Still, some investors think that the meeting minutes didn’t convey anything new and that markets may be overreacting to the perceived shift in tone.
“The minutes said that hikes can be smaller than 75bps but also that the terminal rate will need to be higher than previously thought -- which also is pretty much what everyone at the Fed has been signaling anyway,” said Max Gokhman, chief investment officer at asset manager AlphaTrAI.
“It’s almost weird we’re getting any kind of big moves on the minutes. I guess the market is happy to take a longer road to a more painful outcome given the reaction to the minutes.”
Meanwhile, the dollar dropped for a second day as investors assessed a fresh batch of economic data. Business activity in the US continued to contract and separate data showed US unemployment applications rising more than expected, in a sign of cooling in the labor market.
On the currency markets, the Bloomberg Dollar Spot Index fell 0.8%, the euro rose 1% to $1.0402, the British pound rose 1.5% to $1.2065, and the Japanese yen rose 1.2% to 139.50 per dollar.
🔑 The day’s key events:
Oil dropped, with both benchmarks down almost 4% as the oil market continues to weaken in the last few days, amid the negotiations of sanctions on Russian crude and the advance of Covid-19 in China.
On Wednesday, WTI crude oil for January delivery fell 3.72% to $77.94 per barrel, while the Brent reference for January settlement had a 4.10% drop with a price of $84.74 per barrel.
“The effectiveness of price caps as a mechanism to tighten the screws on Russia remains a big question for the market,” explained Michael Tran, analyst at RBC Capital Markets, on the price range proposed by the European Union, which would be above Russia’s cost of production, and higher than what some countries are already paying for this oil.
In addition, China’s Covid-19 advance continues to hit demand from the country as it pushes for more restrictions.

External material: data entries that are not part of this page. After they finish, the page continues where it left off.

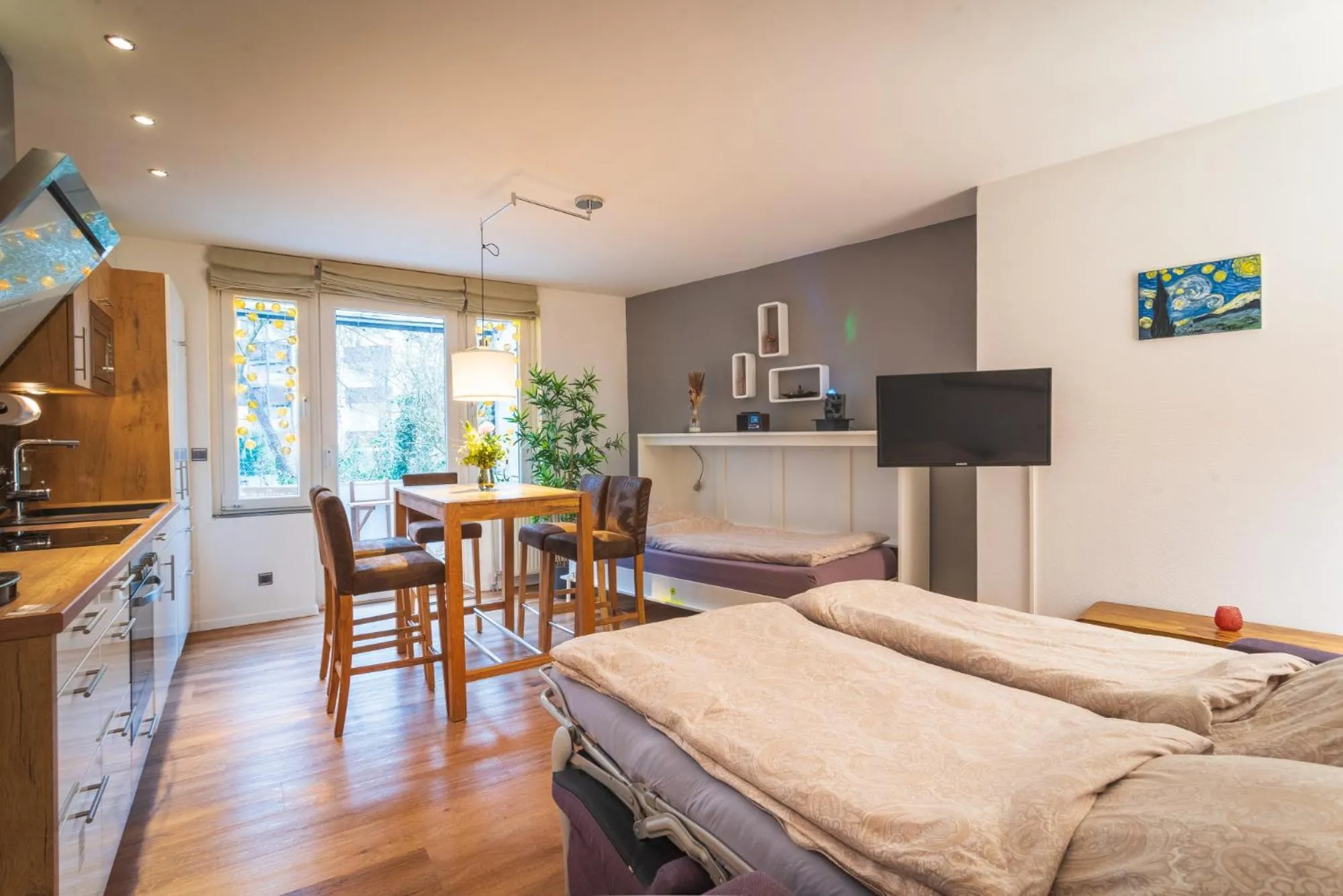 Bed in Apartment Hannover Top Citylage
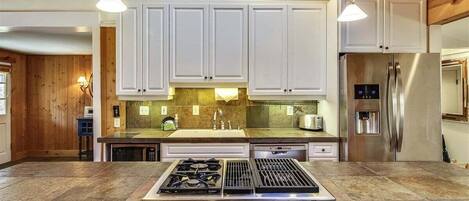 Geladeira, micro-ondas, fogão, cooktop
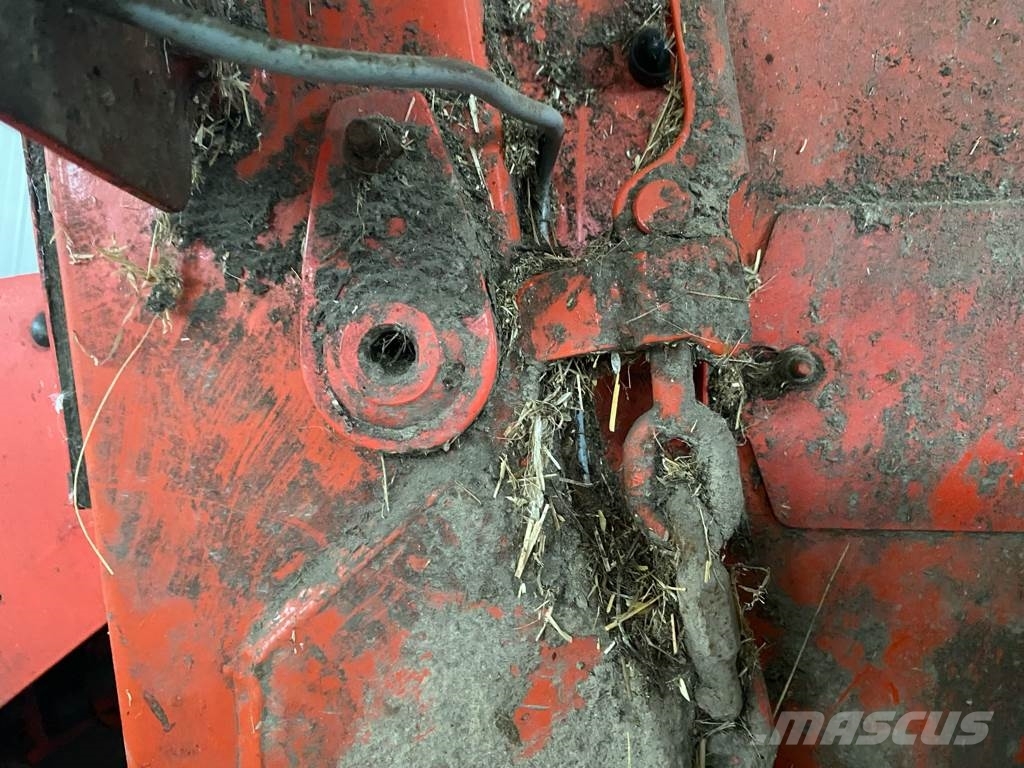 Kuhn Primor 3560 Oprema za istovaranje silosa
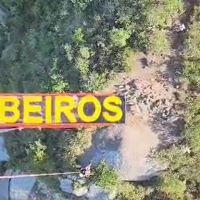 Helicóptero resgata ferido no Morro do Macaco 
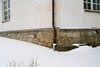 Återanvända sandstenskvadrar från Hällstads gamla kyrka i korets sockel. Neg.nr. B963_006:08. JPG. 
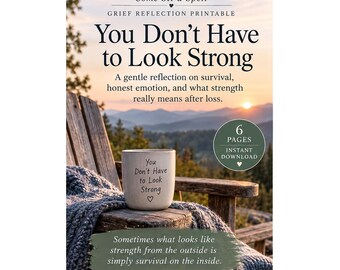 Op de afbeelding: Een printbare rouwreflectie getiteld You Don't Have to Look Strong. De tekst bevat Come Sit a Spell, 6 PAGES INSTANT DOWNLOAD en Sometimes what looks like strength from the outside is simply survival on the inside. Toont een mok op een stoel.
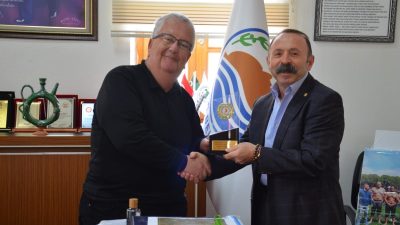 Körfez Kanarya Yetiştiricileri Derneği Başkanı, Gömeç Belediye Başkanı’nda derneğe verdiği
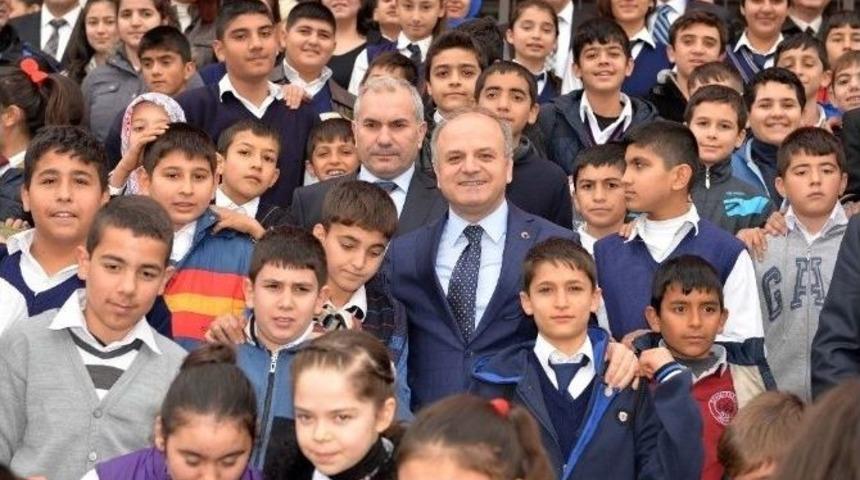 ’polis Amca Kütüphaneleri’ Projesi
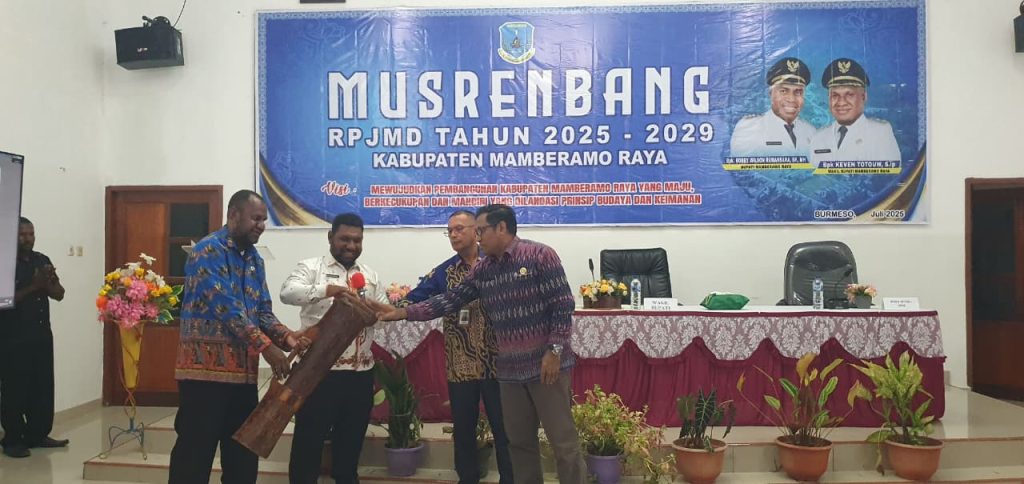 Musrenbang RPJMD 2025–2029 Dibuka Wabup Keven Totouw, Tegaskan Pembangunan Harus Terukur dan Inklusif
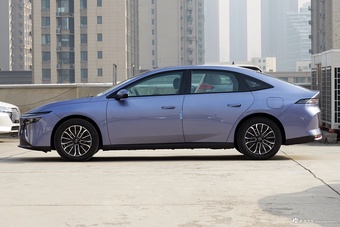 2026款日产N6 180 Pro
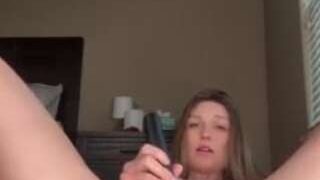 Kyliebkillinit nude before webcamcam – live sex chat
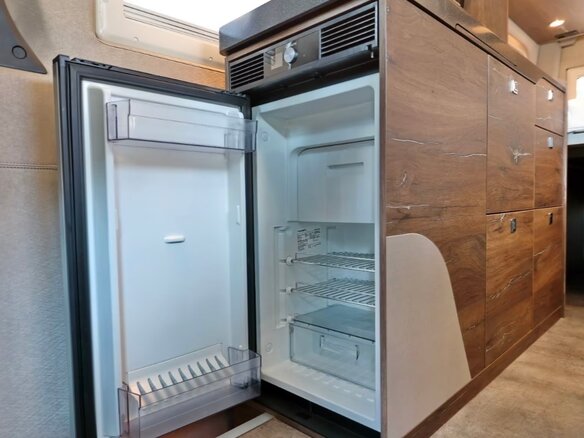 2023 Mercedes-Benz Sprinter, серебристый, 9800000 рублей - вид 21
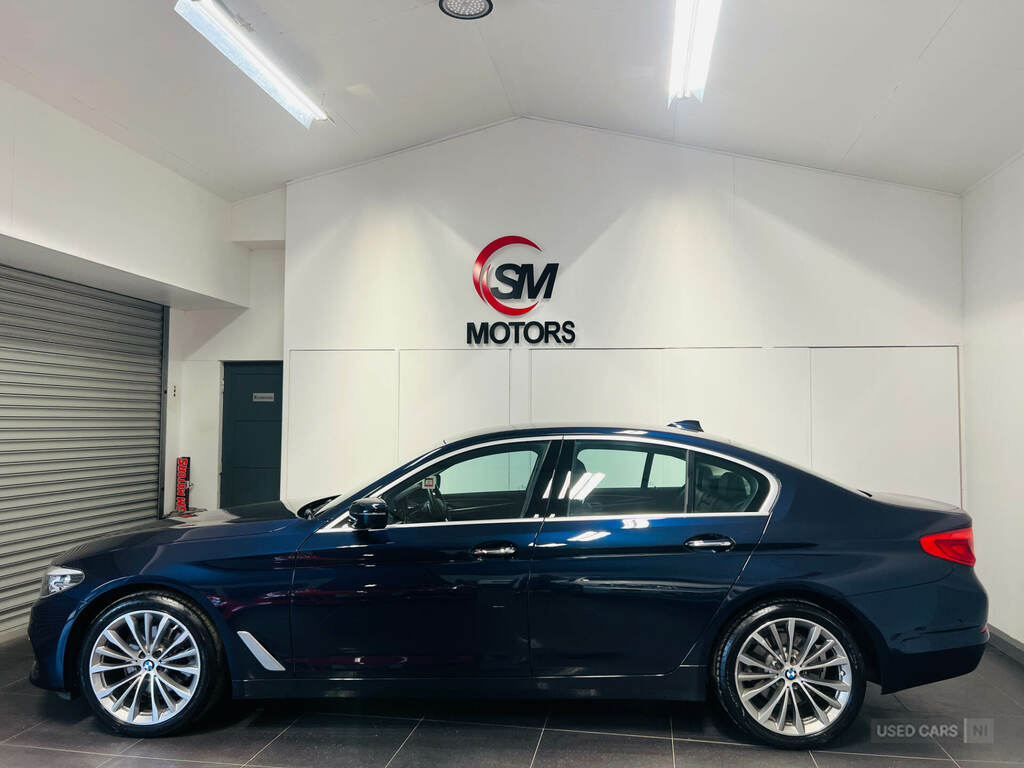 BMW 5 Series 520D Xdrive Se Blue #5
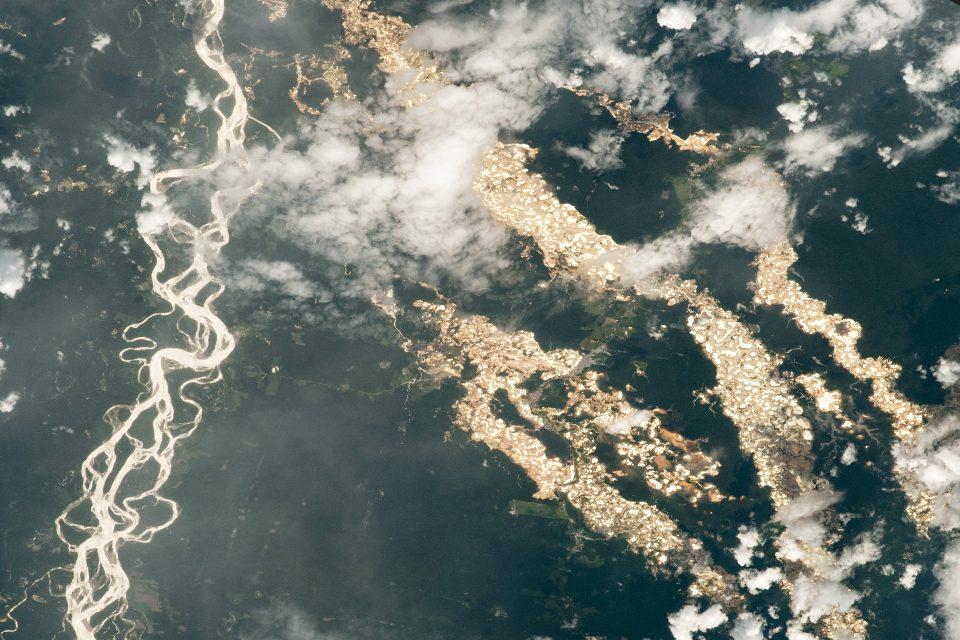 Gold prospecting pits lot in eastern Peru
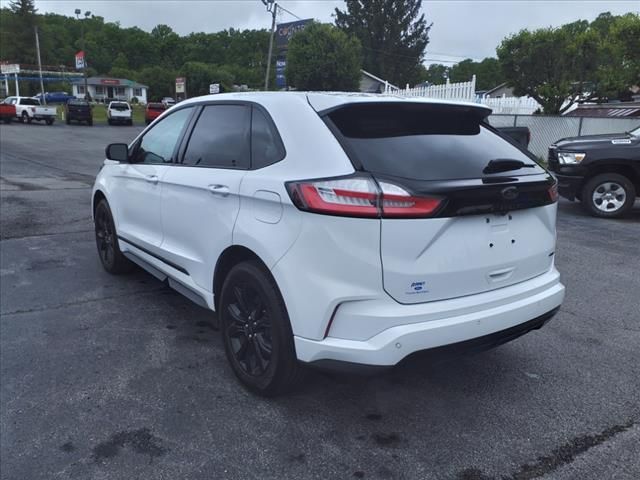 2023 Ford Edge SE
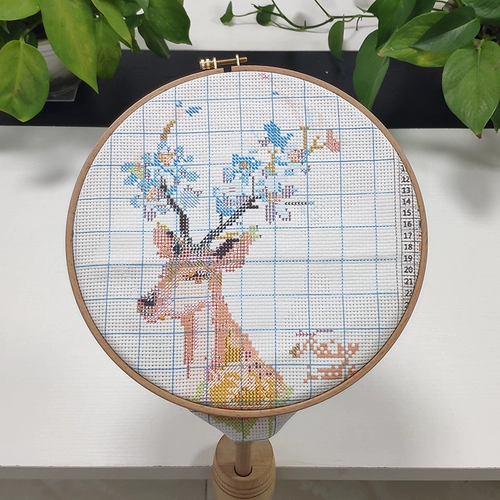 Вышитая вышитая вышитая на полке. Домохозяйство.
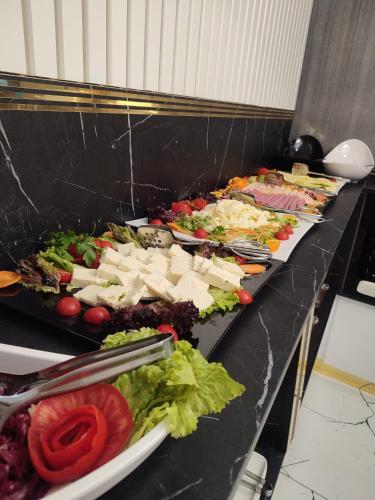 eine Reihe von Tellern mit Lebensmitteln auf einem Tisch in der Unterkunft Hotel California in Istanbul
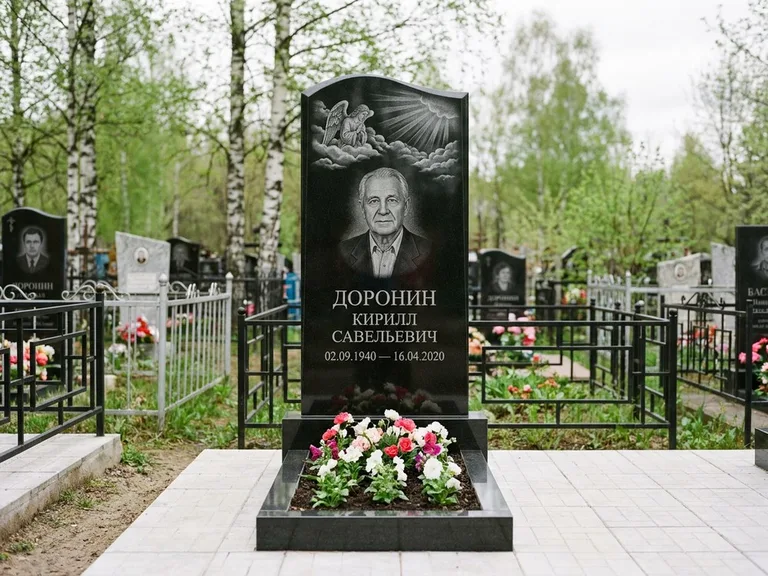 Памятник с гравировкой ангела — гравировка ангела в облаках с лучами над портретом, работа «Доронин» в Ростове-на-Дону
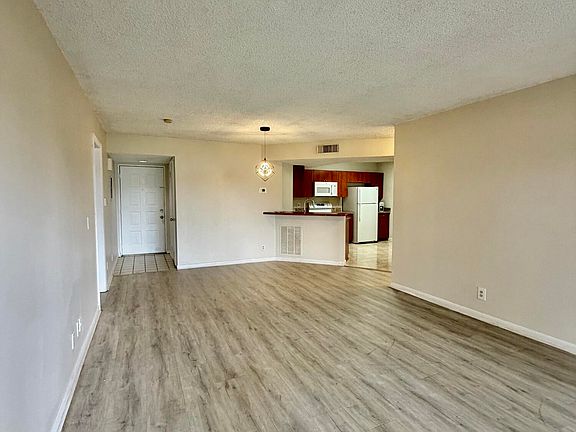4th image of 8781 Wiles Road #203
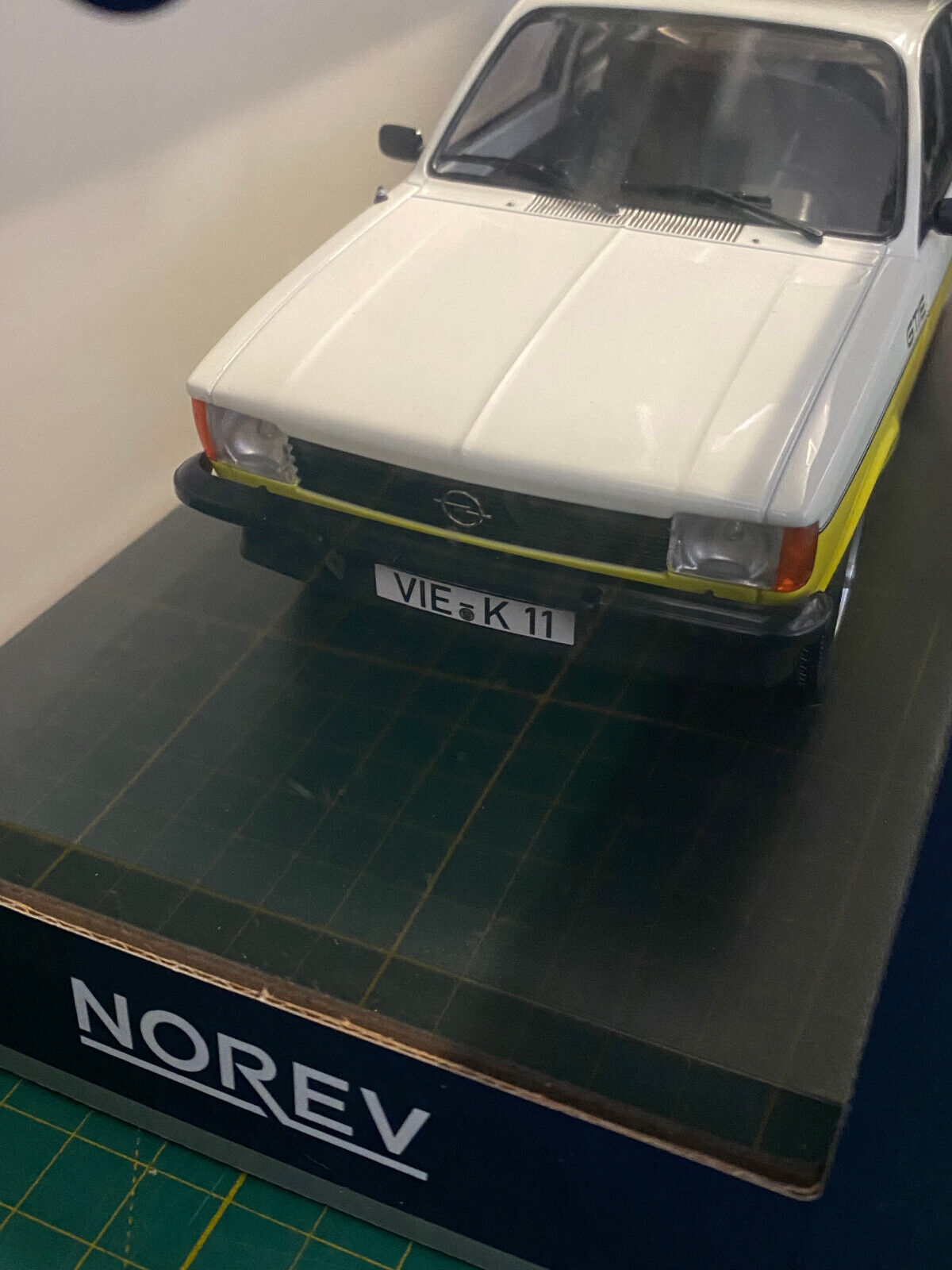 Opel Kadett C GT/E weiß/gelb Norev 183650 Neu in OVP 1:18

There were 28,183 new infections nationwide on Tuesday, up from 27,307 on Monday and just shy of the record 28,973 reached in April.
🍝 For the dinner table debate:
The loss of nearly $300 billion in market value in just 2 months has generated a growing chorus of Tesla Inc (TSLA) analysts who say the drop has gone too far.
Morgan Stanley (MS) analyst Adam Jonas said Wednesday that the company’s share price is approaching its $150 bearish scenario, offering investors a chance to buy it at a bargain price. Meanwhile, analysts at Citi (C) today upgraded their weighting on the stock to neutral from sell, saying the 50%-plus loss this 2022 “has balanced the near-term risk/reward ratio.”
Although demand has slowed and prices have declined in China, Tesla is the only electric vehicle company covered by Morgan Stanley that produces earnings from marketing its vehicles, Jonas wrote in a note. He also underscored the company’s potential when it comes to receiving benefits from U.S. consumer tax credits, and maintained his price target at $330.
Sebastián Osorio Idárraga, a content producer at Bloomberg Línea, and Emily Graffeo and Vildana Hajric of Bloomberg News, contributed to this report.